Data protection and security
Data clauses matter because fintech businesses often process large volumes of personal and transaction data. Your contract should match the actual data flows, not a generic controller or processor label copied from another deal.
Check whether the agreement clearly covers:
- which party is controller, processor or an independent controller for each dataset
- what instructions apply to processing
- security standards and incident response timing
- sub-processors and international transfers
- deletion, retention and return of data on exit
- audit or evidence rights relating to security controls
Your privacy notice and internal practices should line up with these clauses. If your contract allows broad secondary use of data by a supplier, but your customer wording implies tighter limits, that inconsistency can create legal and reputational risk.

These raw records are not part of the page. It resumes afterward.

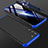 Coque Plastique Mat Protection Integrale 360 Degres Avant et Arriere Etui Housse pour Samsung Galaxy S23 Plus 5G Bleu et Noir
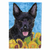 Dog in Summer Flowers Flag Garden Size - 705332049320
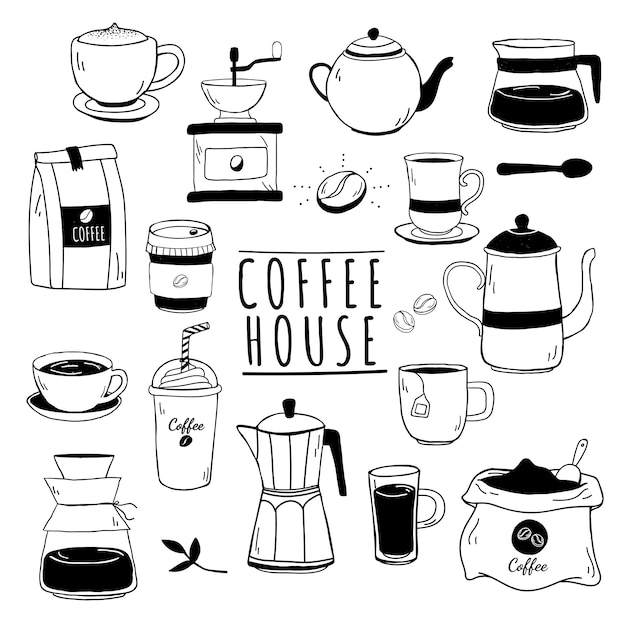 Vector gratuito patrón de cafetería y cafetería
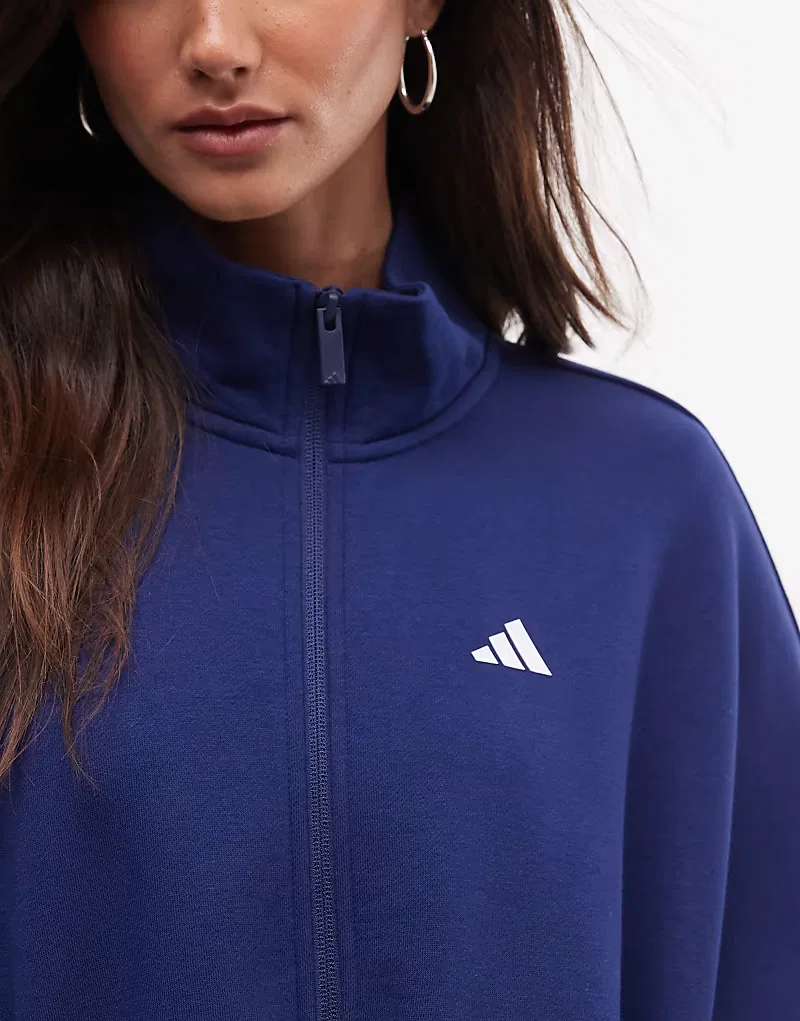 Спортивная куртка Adidas Sportswear Three Stripes Studios с длинными рукавами, темно-синий — фото 3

Intellectual property and use rights
The contract should be clear on who owns your platform, your branding, your customer data, any custom development and any derivative tools created during the relationship. This is especially important if the provider builds integrations, dashboards or bespoke features.
Do not assume payment means ownership. Some contracts give the customer only a limited licence, while the supplier keeps all underlying rights. That may be commercially fine, but it should be intentional.

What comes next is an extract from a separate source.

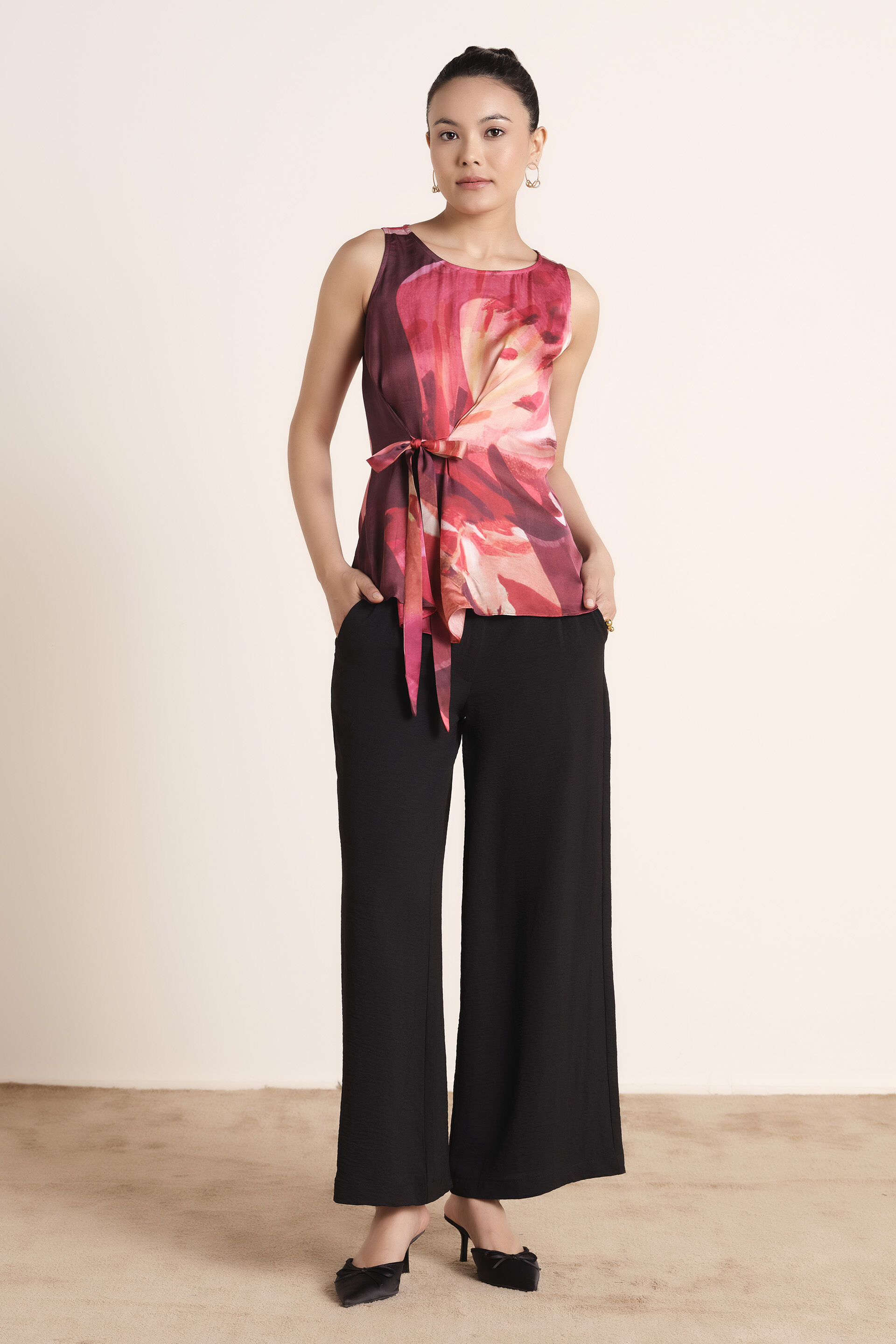 Mystic Abstract Print Modal Top, Pink, image 5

Liability, indemnities and exclusions
Liability clauses decide who pays when things go wrong. In fintech, the practical risks include data breaches, fraud losses, payment failures, service outages, customer claims and regulatory knock-on effects.
Pay close attention to:
- the cap on liability and whether it is linked to fees paid
- which losses are excluded, such as indirect loss, loss of profit or reputational harm
- whether key risks are carved out of the cap, for example confidentiality breaches or IP infringement
- any indemnity you are giving for customer conduct, misuse, regulatory breaches or third-party claims
- whether liability is one-sided in favour of the larger provider
A low cap may be standard in pure software deals. It may be unrealistic if the provider controls payment operations or sensitive data and a failure could hit your business hard.
Suspension, termination and exit planning
You need to know how the relationship ends before you commit to it. Fintech services are often deeply integrated, so termination rights and handover support can be business-critical.
Before you sign, check:
- when the provider can suspend service and how much notice is required
- whether alleged compliance concerns trigger immediate shutdown rights
- termination for convenience rights and any lock-in period
- what data export, migration or transition support is available
- whether post-termination fees, deletion rights or restrictive clauses apply
If the provider can suspend first and explain later, your customer relationships may take the hit.
Common Mistakes With Terms of Trade for Fintech Startup
The biggest mistake is treating fintech terms as a routine procurement document. Standard terms may be market practice from the supplier's point of view, but that does not mean they fit your product, regulatory position or promises to customers.
Accepting undefined compliance language
Founders often sign clauses requiring them to comply with all applicable laws, all policies and all future requirements notified by the provider. Some compliance wording is unavoidable, but broad drafting can give the other side wide discretion to demand process changes or suspend services.
Ask for specific references where possible. If a policy can change, the contract should say how changes are notified and whether material changes give you a right to exit.
Relying on a sales promise instead of the contract
This happens all the time. A sales team says reserves are rare, migration support is included, support is 24/7 or fraud tooling covers a particular risk. The signed agreement says none of that.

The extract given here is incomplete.